Oped neglects importance of shareholder rights in guiding corporations to long-term value

      Sanford Lewis, Director
     Shareholder Rights Group

 A letter to the editor of the Wall Street Journal:l 


On September 29, Vivek Ramaswamy of Strive Asset Management  published an opinion piece in the Wall Street Journal alleging that Chevron and Apple, among other companies,  had engaged in social activism under the guise of creating long-term value to shareholders.


The article portrayed corporate policy changes as simply an outcome of pressure politics by outside groups who cared about non-pecuniary concerns over investment outcomes.   Glaringly  absent from Mr. Ramaswamy’s article is any acknowledgement that the boards’ “sudden changes of heart” in support of ESG-focused issues occurred after a majority of the companies’ shareholders voted  for a change.  At Apple, 54% of votes  favored a shareholder proposal requesting a civil rights audit. At Chevron, 61% of voting shares supported a shareholder proposal  asking the company to track and cut emissions generated by the use of the company’s products.

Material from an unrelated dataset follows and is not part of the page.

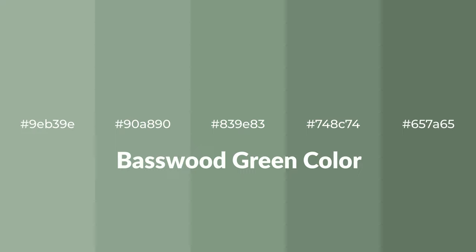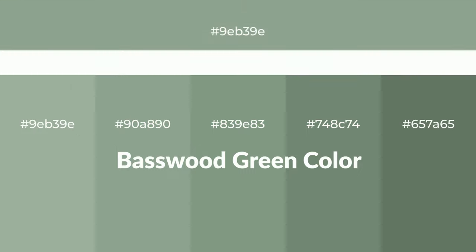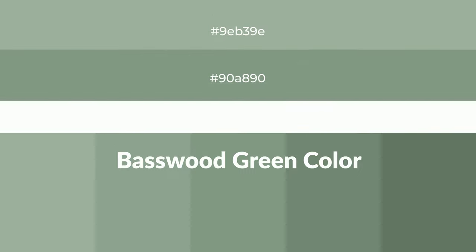For your next project, to generate tints of a color, we add white to the color. Tints create light and exquisite emotions.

The genius of shareholder democracy is that it invites perspective-taking by the shareholders that have a vested interest in the success of the company as well as in the economy writ large. Indeed, recent polling shows that investors are heeding environmental and social concerns now more than ever, with nearly 80% saying that ESG is an important factor in their investment decision-making. Investors are at least as savvy about these issues as board and management.


Mr. Ramaswamy has certainly made it clear that he does not believe in the long-term value proposition of ESG. There is no controlling authority as to what will produce long term value for a company, only diverse views, and what we believe is a well-founded resulting surge of interest in ESG investing strategies. Neither the management, board, nor the investors have a monopoly of insight.


The shifting position of corporate boards is not a failure of oversight or an unfounded change of heart, but rather reflects a healthy openness to heed the perspectives of investors on the long-term value proposition and a show of what real leadership looks like.


Mr. Ramaswamy concludes his article stating that “Corporate boards are obligated to act with the sole purpose of advancing the best interests of stockholders. . . owners should assert their rights.” Thankfully, we believe that shareholders are asserting their rights through the shareholder proposal process. And companies are listening and acting accordingly - in the best interest of stockholders.